J’accroche toujours autant à cette ébauche des Terres du Milieu, sans doute davantage qu’à la version ultra développée qu’elles deviendront après Le Seigneur des Anneaux, Le Silmarillion et le reste des écrits de Tolkien qui les étofferont jusqu’à les étouffer, à vouloir in fine tout dire de cet univers, au point de ne plus laisser des masses de place à l’imaginaire du lecteur et aux questions qu’il peut se poser. Si j’aime la version finale du projet pour la richesse du monde bâti par Tolkien, je n’en préfère pas moins le premier jet, plus propice à imaginer soi-même des tonnes de développement derrière les allusions rapides.
J’aime Le hobbit pour sa simplicité de ton. Alors oui, le Silmarillion, c’est super abouti, mais ça reste une cosmogonie et un livre d’histoire. C’est bien à lire, mais ce que ça raconte ne m’a pas emporté. Le Seigneur des Anneaux, c’est super aussi, avec son ampleur, son souffle épique, ses enjeux de fin du monde et de lutte contre le Mal. Par contre, faut quand même reconnaître que c’est très, très long, parce qu’émaillé de passages descriptifs interminables et barbants (pensée pour Jeanne-A Debats, qui ne s’est toujours pas remise des fougères, et je la comprends). Pis c’est très grave, très sérieux, et si ce ton colle à l’ambiance, il manque le fun qui m’avait emballé dans Le hobbit. Le SdA est désespérant à crever : tu sens que quoi qu’il arrive, quand bien même les gentils l’emporteraient à la fin, ce sera une victoire à la Pyrrhus. Les nains, c’est plus ce que c’était. Les elfes, c’est plus ce que c’était. Les hobbits, ça n’a jamais été grand-chose. Dans le genre crépusculaire et déprimant… Dans Le hobbit, tout est encore possible, rien n’est plié, le monde n’est pas condamné à court terme à n’être plus peuplé que d’humains sans grand intérêt.
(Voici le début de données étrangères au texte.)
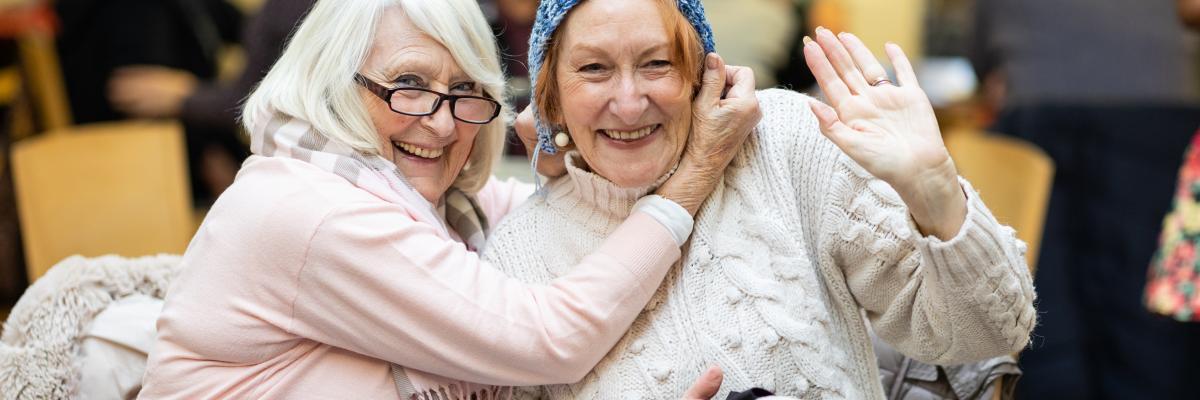 Two women laughing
C’est sans doute le plus plu dans Bilbo le hobbit : le parfum d’aventure. Si le SdA est une aventure, il tient avant tout de la mission de la dernière chance, ça passe ou ça casse, et tout ce qui peut arriver entre le point de départ et l’objectif ne relève que de la péripétie pure. Dans Le hobbit, les péripéties sont l’aventure. Si la mission du SdA foire, fiasco total, peu importe ce qui a pu advenir en cours de route, ça n’aura servi à rien. Alors que si à la fin du Hobbit, la fine équipe de Blanche-Neige aux pieds poilus et sa cohorte de nains ne trouvait pas le trésor, leur odyssée ne serait pas vaine pour autant. L’important, ce n’est pas la destination, c’est le voyage, comme on dit. Même principe que dans L’île au trésor de Stevenson : si Jim Hawkins ne mettait pas la main sur la magot, il resterait tout de même quelque chose de son aventure, dont il sortirait en ayant grandi, mûri, appris une foule de choses et tissé des liens profonds avec ses compagnons de galère.
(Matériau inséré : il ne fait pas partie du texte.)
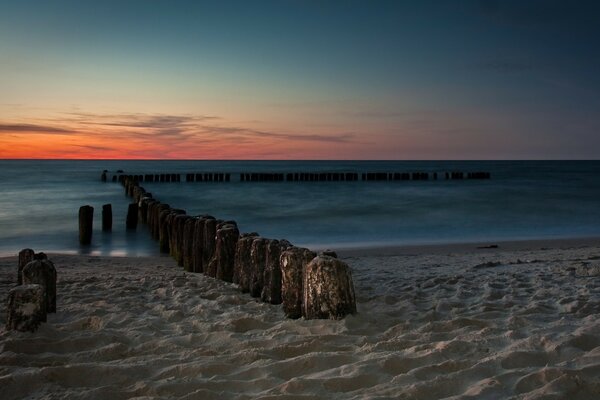 Sea at night, white sand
Le fait d’avoir lu Bilbo le hobbit avant de m’attaquer au Seigneur des Anneaux, au Silmarillion, aux contes du premier âge, du deuxième et du troisième joue beaucoup aussi sur la préférence que je lui accorde. Mon premier Tolkien. Et les premières fois, c’est toujours quelque chose.
En tous les cas, toujours un plaisir de remettre le nez dans cette œuvre, qui demeure un classique indémodable de la fantasy. D’ailleurs, si vous n’avez jamais mis le nez dans de la fantasy, que l’expérience vous tente, mais que vous ne savez pas par quoi commencer vu la pléthore de titres disponibles à l’heure actuelle, Le hobbit est un des meilleurs choix possibles comme porte d’entrée dans le genre, à égalité avec les aventures de Conan de Robert E. Howard, dans un autre style. Un modèle du genre, accessible sans être simpliste pour autant, prenant de la première à la dernière page, une aventure avec un petit bonhomme et un grand A. Incontournable.